Al fin vinieron otros héroes, otros futbolistas más jóvenes, y esos primeros dibujos animados japoneses nacidos para la gloria, y entusiasmaron a los que nos pisaban los talones en las aulas contiguas. Pero la química se había roto y, además, algunos habíamos pactado con el olvido no volver a tener héroes quiméricos. Pero traicionamos el pacto pronto, y esta vez fue para siempre. Porque ya nunca nos casamos con la imagen de algo tan perecedero como un tipo cuyo único merito es patear un pelota. Ahora queríamos ser como el Pierce Brosnan de Remington Steele, y a los Magos les pedíamos juegos de detectives. Cuántos sábados, cuántas tardes, arrojando polvos negros sobre todos los picaportes de casa, intentando averiguar la huella dactilar del asesino, dejando mensajes encriptados a receptores imaginarios, y abriendo sobre cualquier sospecha aquel microscopio negro con una pequeña luz en su interior.

Echo la vista atrás sobre aquellos días, y confieso que éramos implacables como detectives, mucho antes de que el oficio se convirtiera en tarea de hackers y cacharritos electrónicos autónomos, y fue una pena que por entonces no hubiera nada verdaderamente gordo que descubrir en casa, más allá de cazar a alguno de mis hermanos beneficiándose en secreto las últimas galletas de chocolate del paquete.

Como quien se abraza al último asidero de la niñez para evitar caer al vacío de la vida adulta, ya nunca renunciamos a ser como Remington Steele. Tuvimos otros modelos, otras muchas ilusiones, y otras prioridades en la vida, pero nunca dejamos de ser un poco aquel carismático Pierce Brosnan que cruzaba la pantalla, elegante y divertido, entre los vapores de la inolvidable sintonía de Henry Mancini. En esa extraña aspiración, ni siquiera hoy hemos claudicado. Que yo cualquier día cuelgo la pluma de pontificar, envío un telegrama a Laura Holt, y me largo bien lejos del papel y la tinta, a recitar de memoria el argumento de películas olvidadas, atando con astucia cinematográfica los cabos de cualquier crimen sin resolver.

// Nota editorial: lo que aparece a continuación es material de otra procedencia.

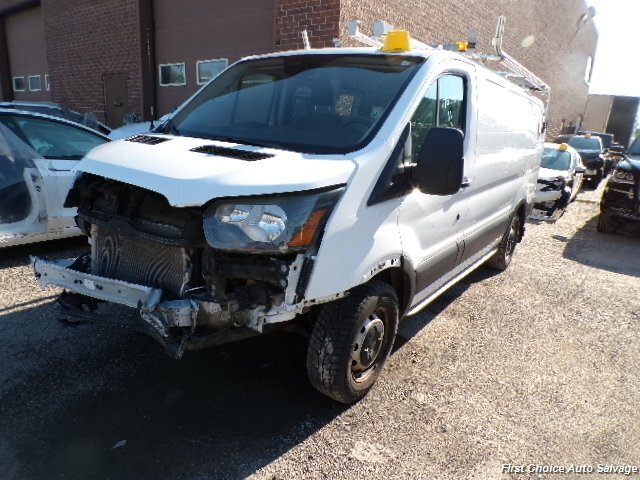 2016 Ford Transit 150 - Photo 1 - Woodbridge, ON L4L 8L6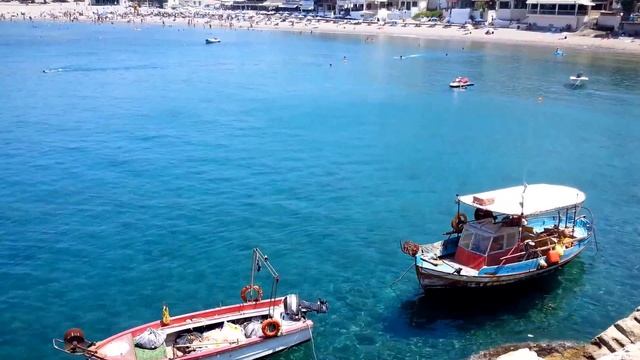 Matala - Krit - CRETE, GREECE смотреть онлайн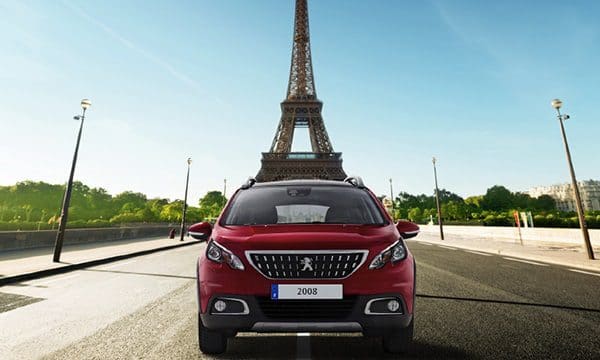 DriveAway Holidays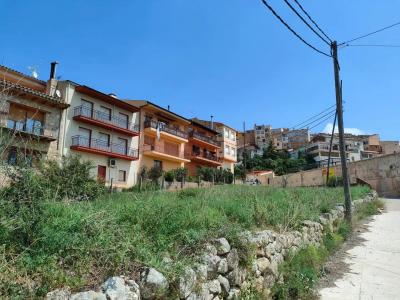 Parcella in vendita a Horta de Sant Joan - 6 INSO 1849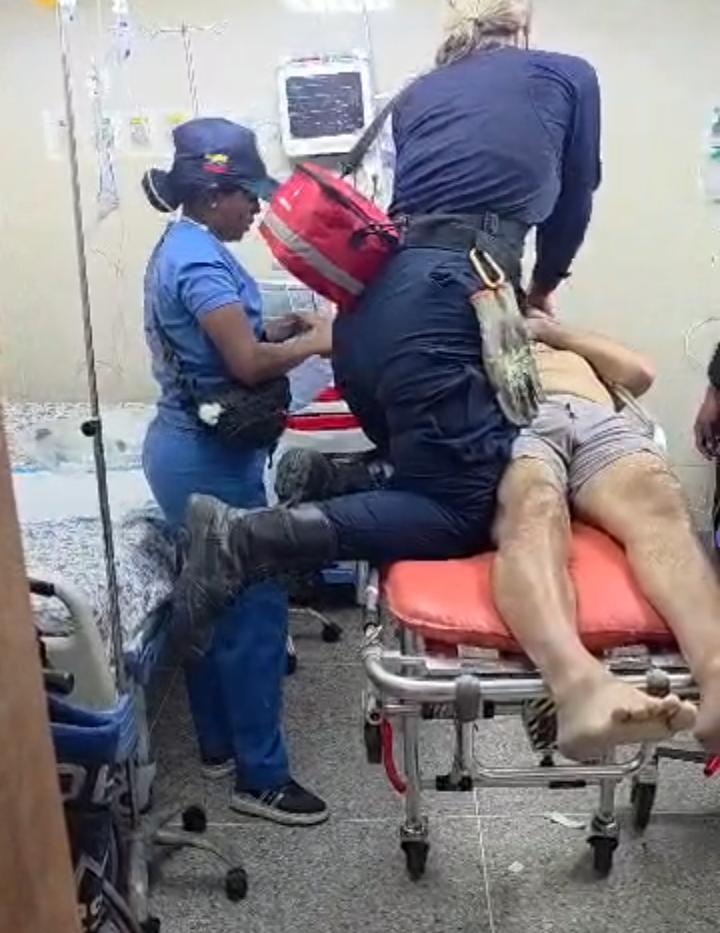 rescate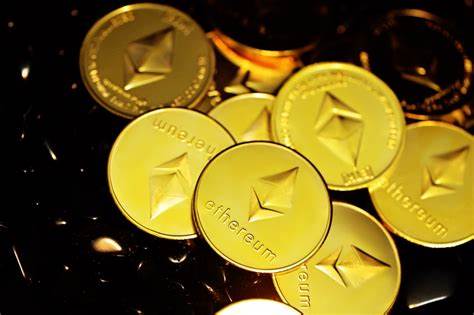Kann Ethereum nun durch Harberger Steuer gerettet werden?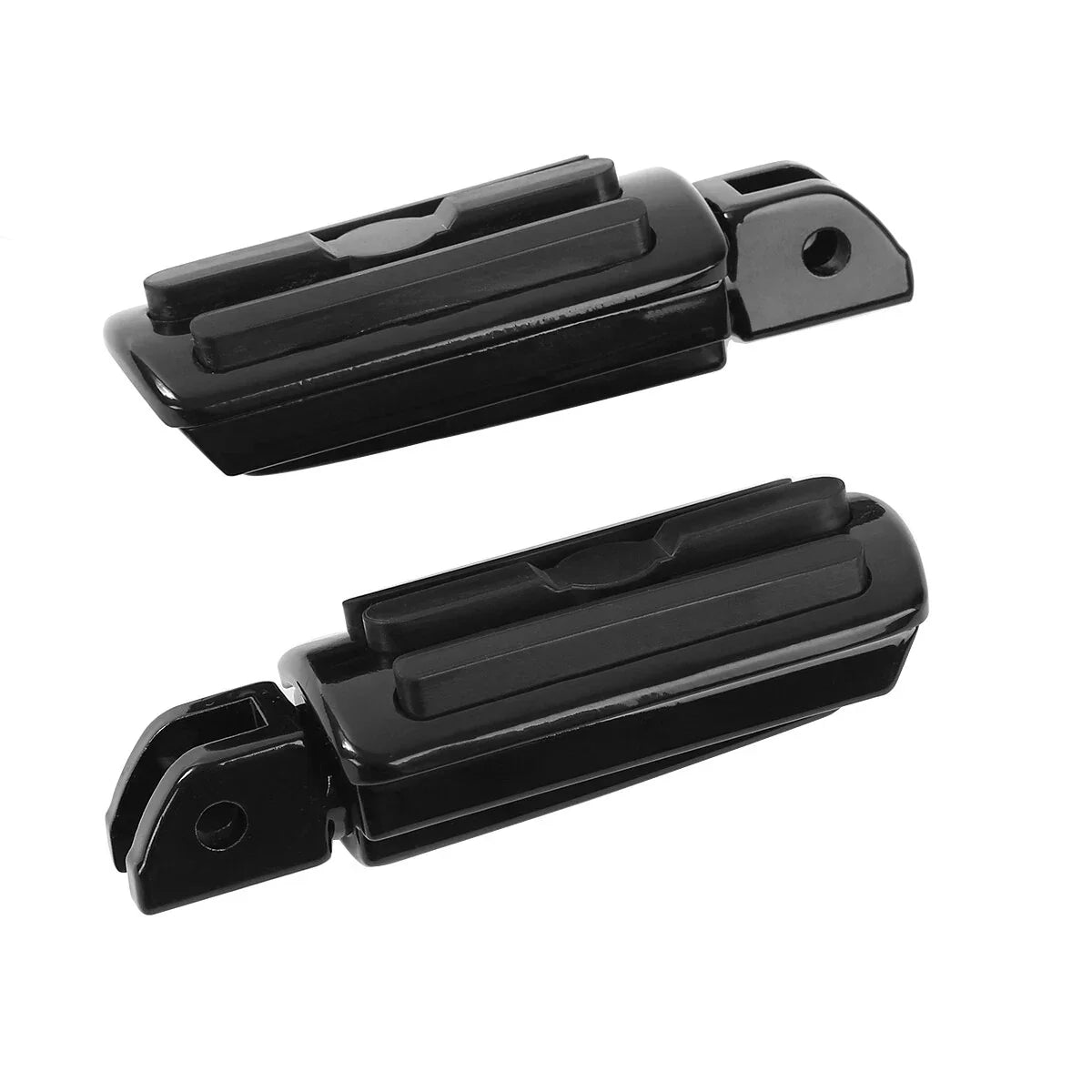 Foot Pegs Front Rear for Harley Softail Breakout (2018-2025)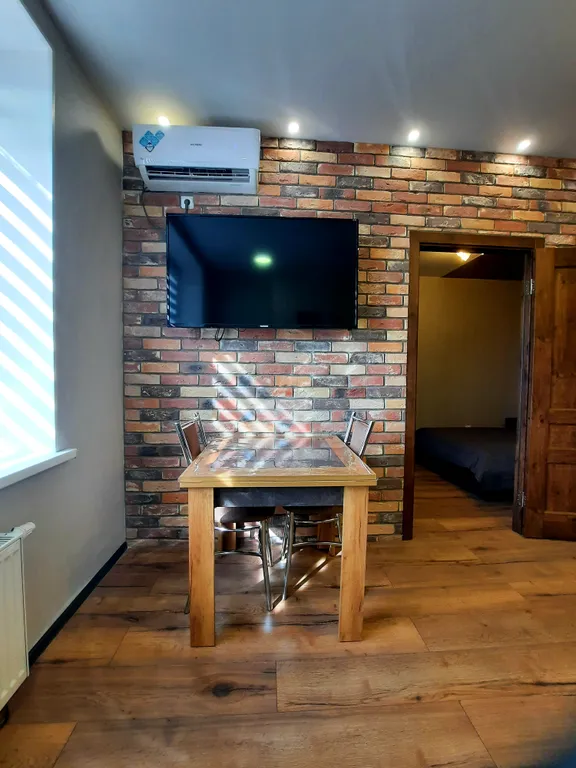 Квартира Уютная квартира Loft — Волгоград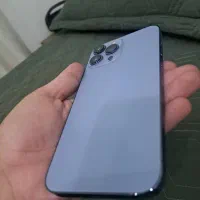 موبایل آیفون ۱۳ پرومکس|موبایل|کرج, کوی امامیه|دیوار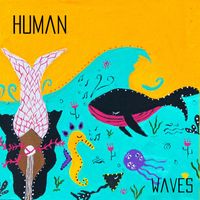 Human - Waves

En cierto socavón del almanaque metimos el pie y caímos en la trampa de perder la ingenuidad, arrinconamos los años de pantalón corto, tareas de escuela, y Michael Knight, y creímos que estábamos llamados a conquistar el universo y venderlo a trozos para poder ligarnos a Claudia Schiffer y pasearla en un deportivo rojo. Supongo que no habría estado mal, pero al tiempo, no sé cómo pudimos ser tan idiotas. Sólo se nos había exigido ser razonablemente felices. Quizá por eso aún hoy vestimos de luto por el tiempo de las lagunas en la memoria, pero conscientes de que, gracias a Dios, nunca regresarán aquellas noches fantásticas de Reyes. Bien están en el recuerdo. Que no olvidamos que sólo hay algo peor que abandonar la niñez, y es conservarla mientras todo lo demás se va desvaneciendo, fiel al tiempo y al lugar que le ha tocado en suerte. Así, cuando la nostalgia acude a secuestrarnos el presente, sonreímos pensando que aún podemos reencontrarnos con todo lo bello que se nos esfumó, mirando estos días fijamente a los ojos grandes y brillantes de cualquier niño, y soñando con adivinar en silencio otra vez las sombras de los Reyes entre la penumbra tibia de las paredes de casa.